基质金属蛋白酶-12（M1 VIP-12）的增加与动脉粥样硬化和许多其他炎症过程有关。为了确定MMP-12在体内的功能，我们产生了转基因兔，表达人MMP-12基因的控制下的巨噬细胞特异性启动子，人清道夫受体启动子。Southern杂交检测发现2只转基因母兔中整合了人MMP-12基因。hMMP-12 mRNA在转基因兔的腹腔和肺泡巨噬细胞以及富含巨噬细胞的组织中表达。转基因兔腹腔巨噬细胞和肺泡巨噬细胞条件培养液中检测到高水平的hMMP-12蛋白。酶谱分析表明，巨噬细胞分泌的hMMP-12对β-酪蛋白具有酶促活性。为了评估hMMP-12在炎症部位的表达，我们使用角叉菜胶诱导的肉芽肿作为组织巨噬细胞和泡沫细胞的体内模型。与对照组相比，转基因兔肉芽肿的大小显著增加，组织学检查显示转基因兔肉芽肿中富含巨噬细胞，并与hMMP-12表达增加相关。我们认为，这种hMMP-12表达增加的转基因兔模型可能成为进一步研究MMP-12在炎性疾病和癌症侵袭中的机制的有用模型，它也是测试IMP-12抑制剂体内作用的理想模型。

项目成果

Fan, J.: "Macrophage-specific overexpression of human matrix metalloproteinase-12 in transgenic rabbits."Transgenic Res. (In press). (2004)

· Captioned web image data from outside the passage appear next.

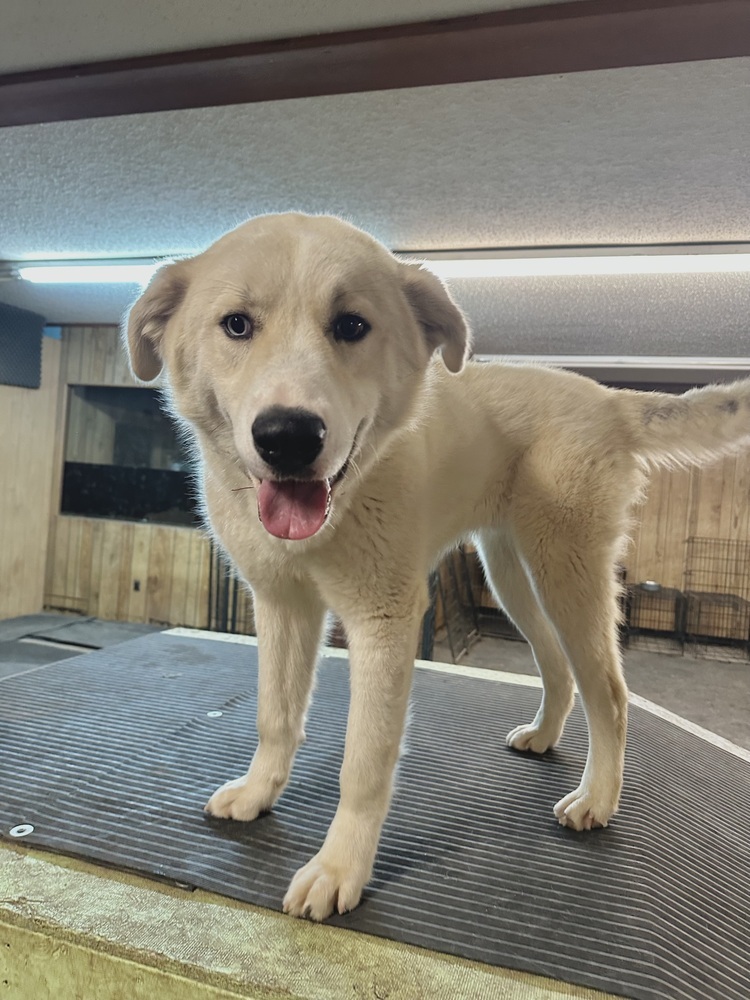 Tiago, an adoptable Great Pyrenees in Rapid City, SD, 57702 | Photo Image 1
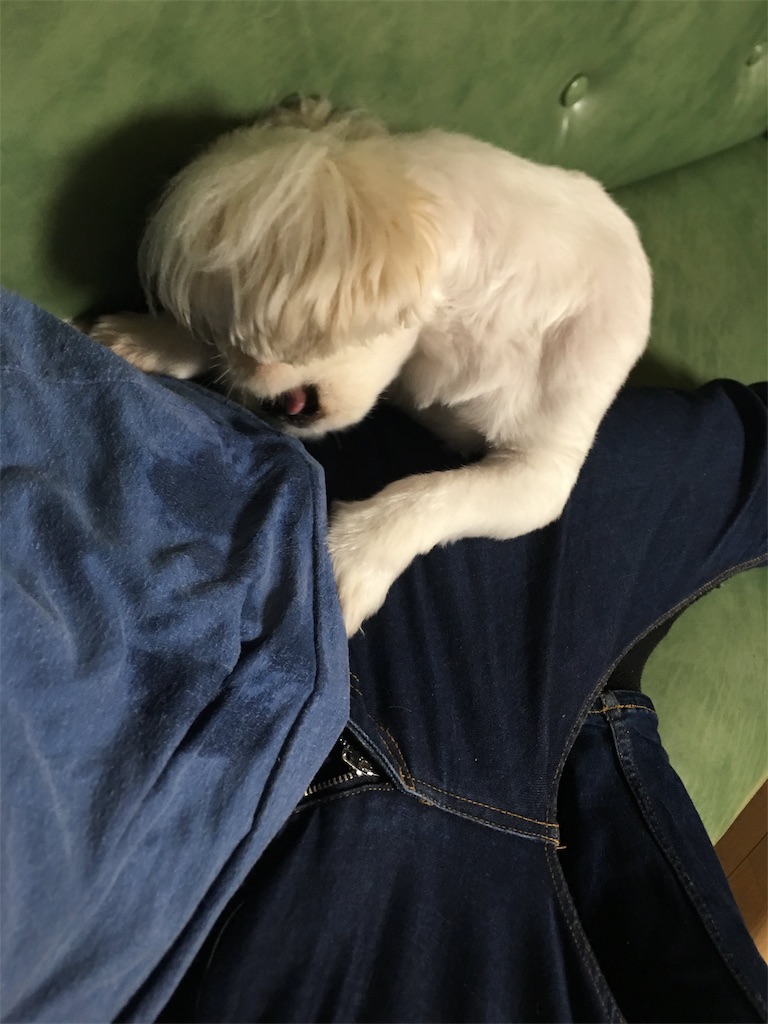 f:id:cocco0209908:20190612182529j:image f:id:cocco0209908:20190612182529j:image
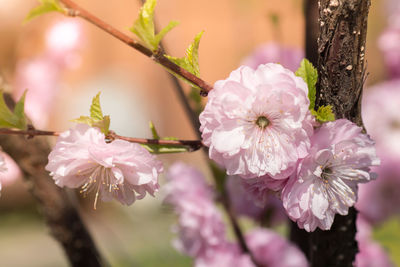Close-up of pink flowers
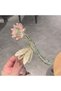 Gold Color Pink Enamel Dragonfly, Water Lily, Flower and Pearl Metal Hair Clip - 2
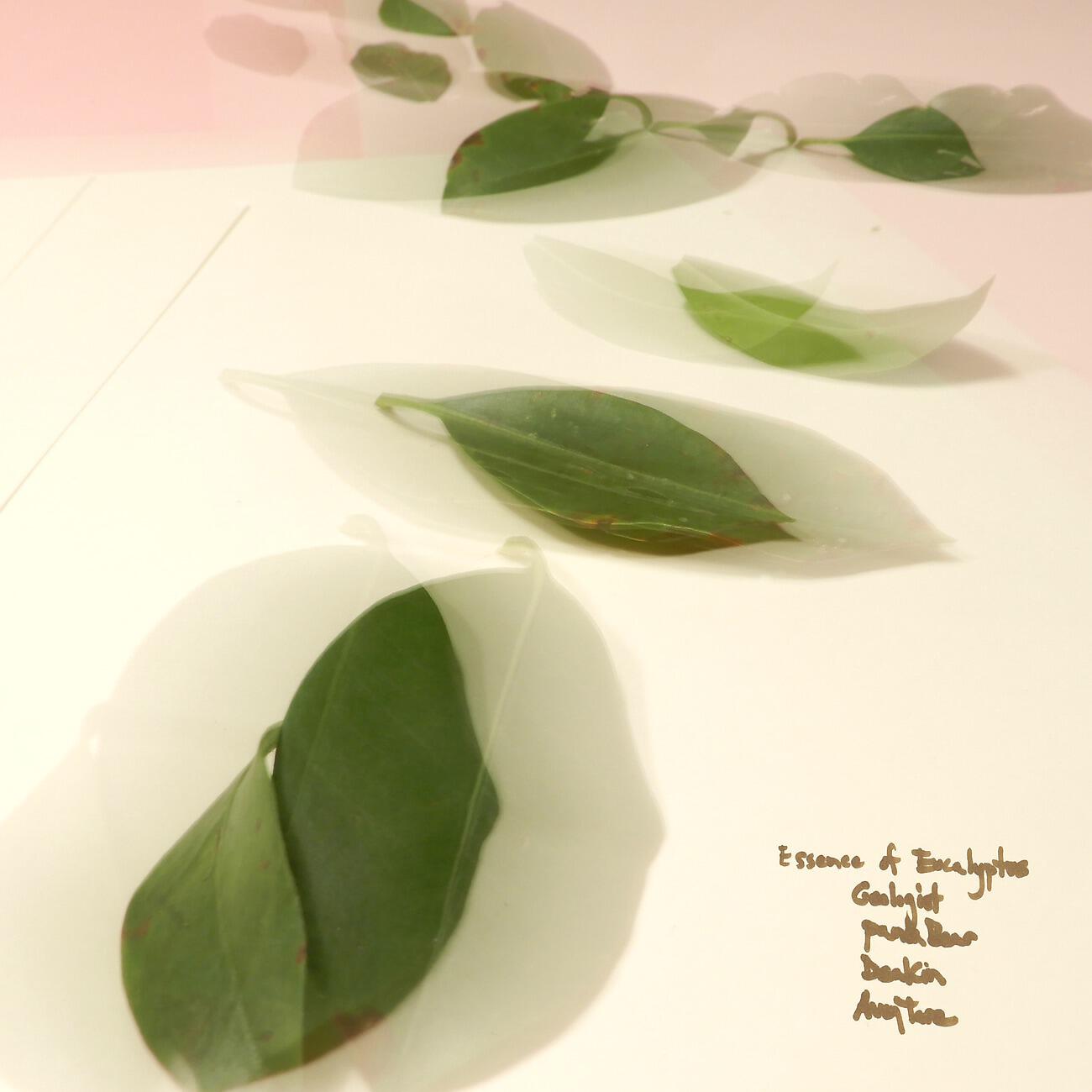 Релиз Essence of Eucalyptus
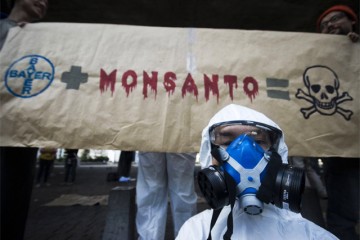 Monsanto: паразиты несут ГМО в Европу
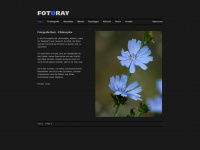 fotoray.ch Webseite Vorschau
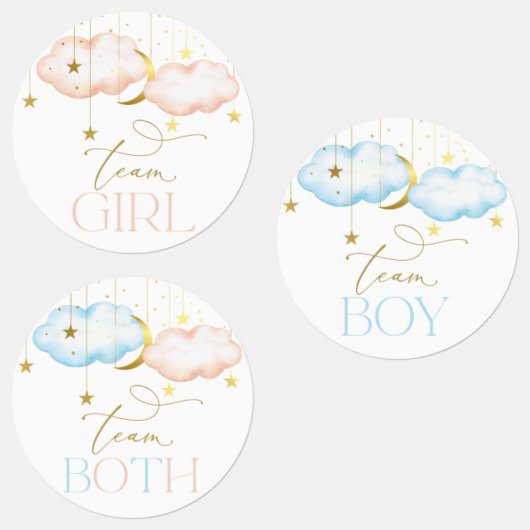 Gender Reveal Stickers、Team Boy、Team Girl ラベル (グループ)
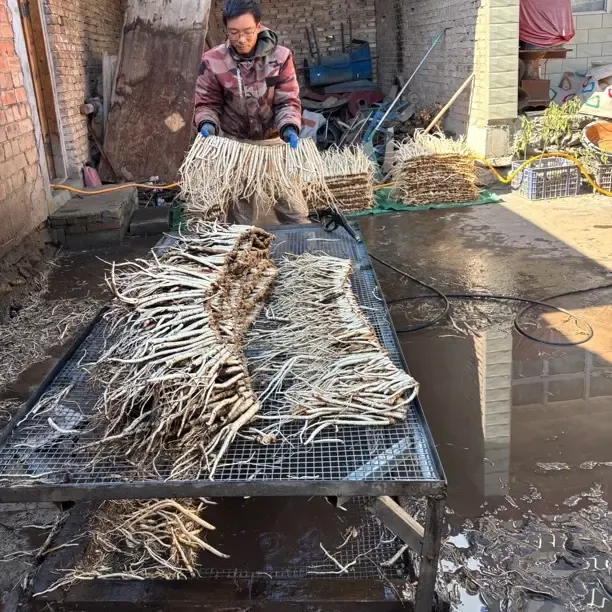 2025年新鲜白条党参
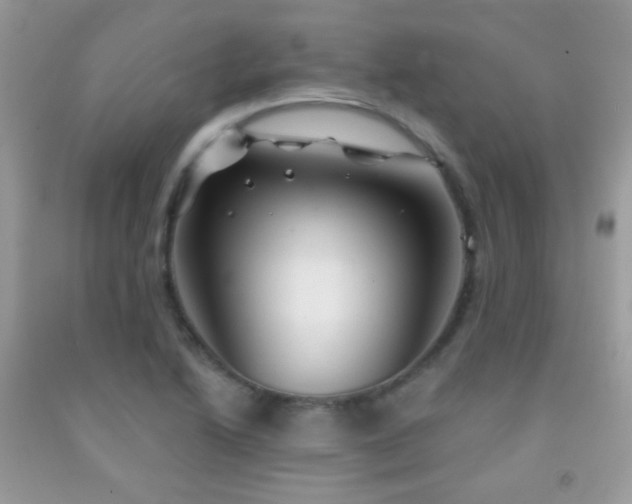 X0000092011222200709061525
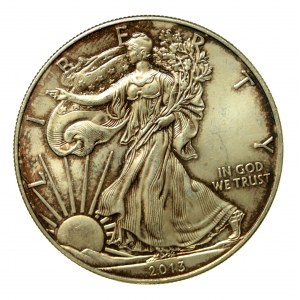 USA, 1 dolár 2013, American Eagle (552)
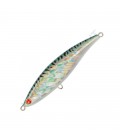Mackerel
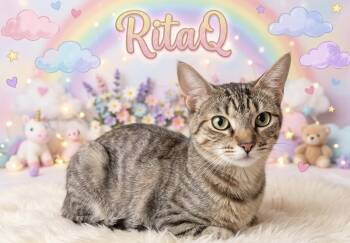 RItaQ -  Tabby and Calico Cat for Adoption in North Highlands, California - RItaQ | PetCurious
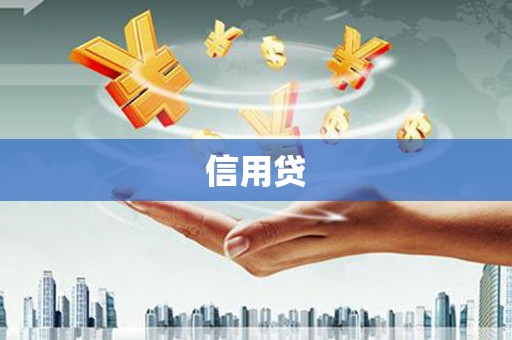 漳平信用贷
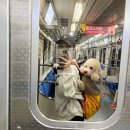 대중도기 이미지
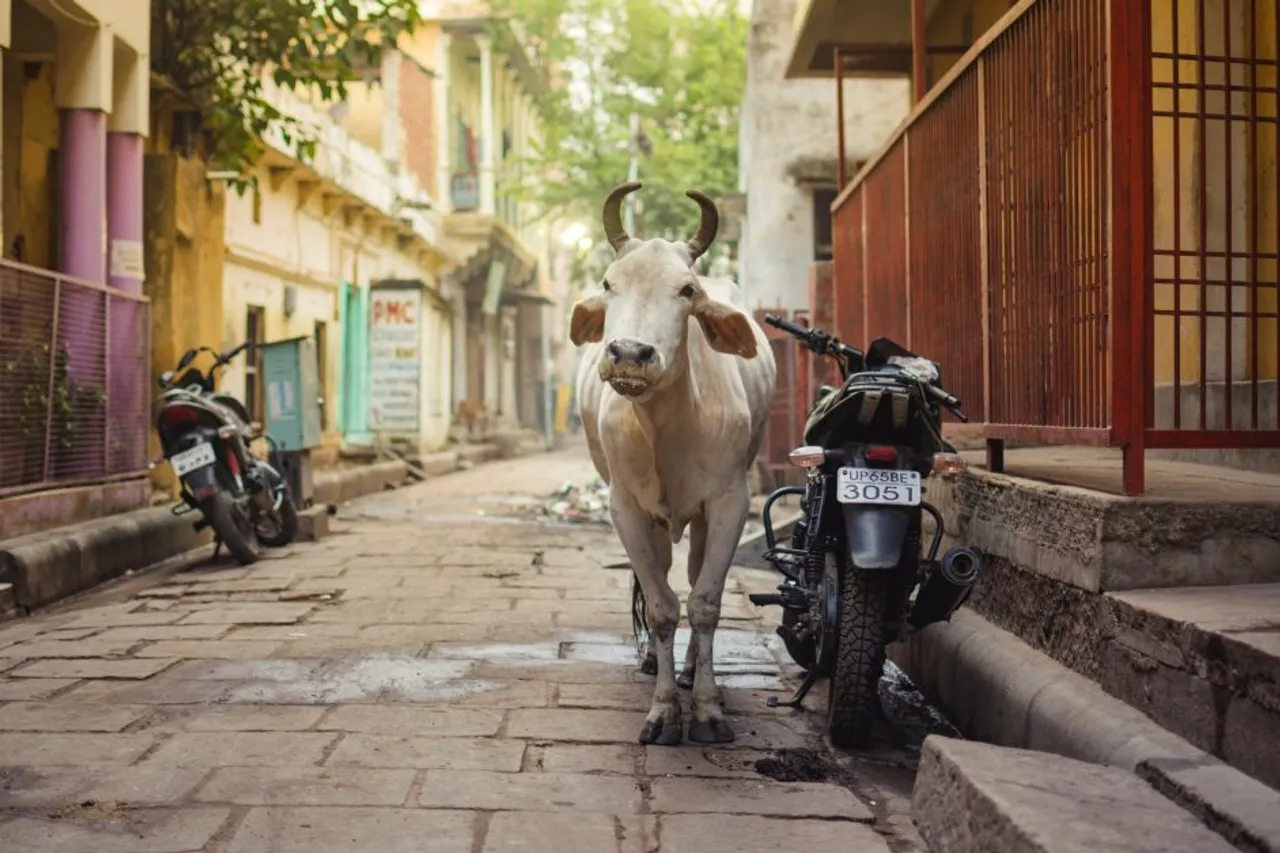 Cow exhales oxygen in India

Fan, J.：“转基因兔中人基质金属蛋白酶 12 的巨噬细胞特异性过度表达。”转基因研究。

Ichikawa, T., Shimoyamada, H., Unoki, H., Sun, H., Shikama, T., Watanahe, T., Fan, J.: "Lipoprotein(a) promotes smooth muscle cell proliferation and dedifferentiation in atherosclerotic lesions of human apo(a)transgenic rabbits"Am J. Pathol.. 160. 227-236

Ichikawa, T.、Shimoyamada, H.、Unoki, H.、Sun, H.、Shikama, T.、Watanahe, T.、Fan, J.：“脂蛋白 (a) 促进动脉粥样硬化病变中的平滑肌细胞增殖和去分化

Wu, L., Tanimoto, A., Murata, Y., Fan, J., Sasaguri, Y.Watanabe, T.: "Induction of human metalloproteinase-12 gene transcritional activity by GM-CSF requires the AP-1 binding site in human U937 monocytic cells"Biochem. Biophys. Res. Commun.. 285. 300-307

Wu, L., Tanimoto, A., Murata, Y., Fan, J., Sasaguri, Y.Watanabe, T.：“GM-CSF 诱导人类金属蛋白酶 12 基因转录活性需要 AP-1 结合位点

Koike, T.et al.: "Overexpression of lipoprotein lipase in transgenic Watanabe heritable hyperlipidemic rabbits improves hyperlipidemia and obesity."J Biol Chem. 279. 7521-7529 (2004)

Koike, T.等人：“转基因渡边遗传性高脂血症兔中脂蛋白脂肪酶的过度表达可改善高脂血症和肥胖症。”J Biol Chem。

Liu, M.etal.: "Increased expression of human matri x metalloproteinase-12 in human rheumatoid arthritis"Arthritis Rheum. (in press). (2004)

Liu, M.etal.：“人类风湿性关节炎中人基质金属蛋白酶 12 的表达增加”关节炎大黄。